Why/How are you assuming the reader will read from the cache? The very definition of volatile means that this read will not be read from the cache! I'd check the generated ASM before assuming that's how it'd work. And read this: http://lwn.net/Articles/233479/
Because it does. Are you sure you aren't misunderstanding the meaning of volatile in C99 (and the C++03 standard has the same semantics for volatile as C99, it even refers back to C99 in a footnote)?
The C standard has no notion of the memory hierarchy and therefore does not know or care about the processor cache. Volatile means that reading/writing from/to volatile variables must strictly follow the rules of the abstract machine, and not bypass these rules as an optimization. When people say that volatile means that the value may not be cached, they mean that the variable MUST be written to or read from every time it is accessed. This means it may not be cached in a register or otherwise avoid the actual variable access as an optimization, that is, that it may not bypass interacting with the abstract machine. What this means is that a memory read or write must be issued, but the existance of processor caches (L1, L2, L3) is outside the scope of the abstract machine and is a platform detail.
On x86 and x86-64, reading or writing memory using temporal load and store instructions lets the CPU, if it feels like it, cache the value in the processor cache. As far as C knows or cares, its in memory, but its up to the CPU to decide if it actually is or not. This means that in practice, if the variable is accessed often, it would be in L1 or L2 cache and reading it would be quite fast. When writing to it (since it is volatile, a write is a store to memory instead of a mov to a register), the processor sees that the cache has changed and invalidates it for other cores, so the next read would hit main memory and get the new value.

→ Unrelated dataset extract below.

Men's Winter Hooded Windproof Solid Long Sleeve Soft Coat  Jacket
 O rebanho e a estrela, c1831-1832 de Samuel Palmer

Note that non of this is visible in the generated ASM (unless the compiler generated non-temporal loads/stores, in which case the rocessor cache would be bypassed), as it is applied transparently by the processor.
For the record, before I wrote this code, I researched it a lot. Also, Arch Robinson, the architect behind Intel Threading Building Blocks, in the comments to his article on volatile, confirmed that this works (at least on intel platforms). Furthermore, nothing I've read in the standard or other articles (such as the one you linked) contradict my assumptions. Note that anywhere I have tested this, it works as expected. I am interested in hearing if I overlooked soemthing fundamental, though, especially when porting to ARM (which, for example, may require additional instructions to make writes visible to other cores, something volatile will NOT do).
The C standard only states:
An object that has volatile-qualified type may be
modified in ways unknown to the implementation or have
other unknown side effects. Therefore any expression
referring to such an object shall be evaluated strictly
according to the rules of the abstract machine, as
described in 5.1.2.3. Furthermore, at every sequence
point the value last stored in the object shall agree
with that prescribed by the abstract machine, except as
modified by the unknown factors mentioned previously.)
What constitutes an access to an object that has
volatile-qualified type is implementation-defined.
The only thing I can see that you'd have to worry about is the reads and writes to "flag". Technically, it's only assumed to be an atomic operation and while that's generally not a bad assumption for 8-bit variables on x86 SMP, it'll probably give you some trouble on Itanic and ARM. You may need to use an explicit memory barrier.
x86 or x86_64 SMP architectures will generally have an implicit memory barrier for all volatile reads/writes on simple data types, but I'm fairly sure this doesn't hold for ARM. In particular, Visual Studio 2005 and up will treat all volatile reads as membars with acquire semantics and all volatile writes as membars with release semantics.
If you have access to pthreads, a conditional variable would do the trick - but probably overkill. It all depends if you want to let pthreads worry about the portability and all the cpu-dependent ifdefs and ifndefs or if you're willing to code the membars in yourself.
If/when I port to ARM I will probably conditionally compile to use atomic operations (or at least an explicit memory barrier) when on ARM, but for my x86/x86-64 code, since I don't need to, I'd rather avoid it. As you said, it would be overkill.
Since this is the only case where I do something strange, I don't mind handling platform specific code myself. The rest of the codebase delegates such things to libraries.